• What you will do
Give the lines below again exactly, starting with the line that holds "Birds flying past" and going on through the line that holds "istock Couple is".
[Opening Data for this task section]
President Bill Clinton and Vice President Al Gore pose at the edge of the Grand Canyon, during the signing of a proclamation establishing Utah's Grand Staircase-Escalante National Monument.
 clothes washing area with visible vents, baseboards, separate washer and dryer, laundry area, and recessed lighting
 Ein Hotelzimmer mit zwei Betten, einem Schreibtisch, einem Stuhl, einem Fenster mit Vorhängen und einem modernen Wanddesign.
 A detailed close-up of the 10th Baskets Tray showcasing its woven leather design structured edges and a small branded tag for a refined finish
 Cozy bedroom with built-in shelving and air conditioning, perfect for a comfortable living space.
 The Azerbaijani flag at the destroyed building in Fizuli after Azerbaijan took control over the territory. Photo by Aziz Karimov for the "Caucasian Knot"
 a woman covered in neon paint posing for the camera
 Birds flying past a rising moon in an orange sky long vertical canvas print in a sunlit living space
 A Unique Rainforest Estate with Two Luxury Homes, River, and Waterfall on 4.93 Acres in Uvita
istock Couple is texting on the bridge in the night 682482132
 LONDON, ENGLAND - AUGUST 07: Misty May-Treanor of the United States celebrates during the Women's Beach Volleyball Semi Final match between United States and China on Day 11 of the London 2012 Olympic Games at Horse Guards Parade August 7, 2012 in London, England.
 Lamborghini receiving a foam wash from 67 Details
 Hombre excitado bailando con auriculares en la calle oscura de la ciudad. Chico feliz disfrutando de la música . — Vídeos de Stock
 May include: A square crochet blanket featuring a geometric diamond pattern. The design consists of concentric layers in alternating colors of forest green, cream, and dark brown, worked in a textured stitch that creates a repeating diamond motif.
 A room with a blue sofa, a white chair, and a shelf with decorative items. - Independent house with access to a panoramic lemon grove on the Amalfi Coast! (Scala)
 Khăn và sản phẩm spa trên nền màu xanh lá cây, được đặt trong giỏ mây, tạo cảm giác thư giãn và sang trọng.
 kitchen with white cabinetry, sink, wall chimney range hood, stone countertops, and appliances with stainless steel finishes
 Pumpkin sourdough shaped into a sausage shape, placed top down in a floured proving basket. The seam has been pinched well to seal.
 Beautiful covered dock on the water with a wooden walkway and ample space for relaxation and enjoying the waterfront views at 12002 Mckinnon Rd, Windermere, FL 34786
[Closing Data for this task section]
• Reply
 Birds flying past a rising moon in an orange sky long vertical canvas print in a sunlit living space
 A Unique Rainforest Estate with Two Luxury Homes, River, and Waterfall on 4.93 Acres in Uvita
istock Couple is texting on the bridge in the night 682482132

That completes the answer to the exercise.